**Material provided:**
---
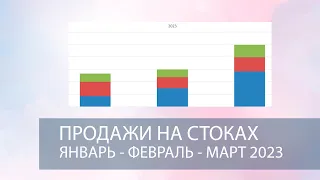 Продажи на стоках 2023. Микростоковый отчет за 3 месяца. Показываю графики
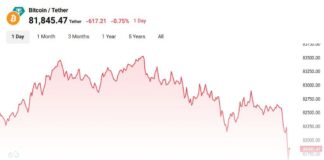 بیت کوین به محدوده صعودی رسید؛ آیا جهش قیمت نزدیک است؟ چارت قیمتی بیت کوین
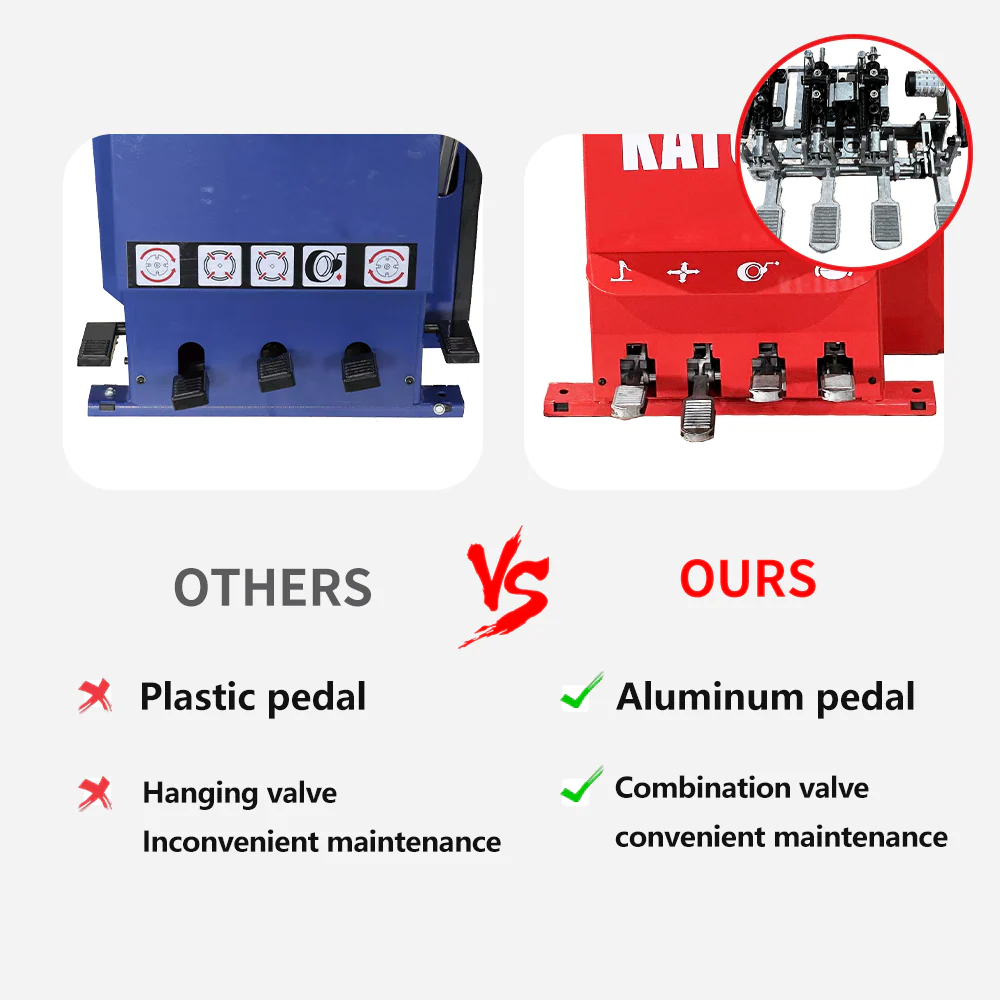 18. KT-T830 premium tire shop equipment in action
---
**Task to complete:** Repeat the material above word for word but skip the images.

**The completed task:**
 Продажи на стоках 2023. Микростоковый отчет за 3 месяца. Показываю графики
 بیت کوین به محدوده صعودی رسید؛ آیا جهش قیمت نزدیک است؟ چارت قیمتی بیت کوین
 18. KT-T830 premium tire shop equipment in action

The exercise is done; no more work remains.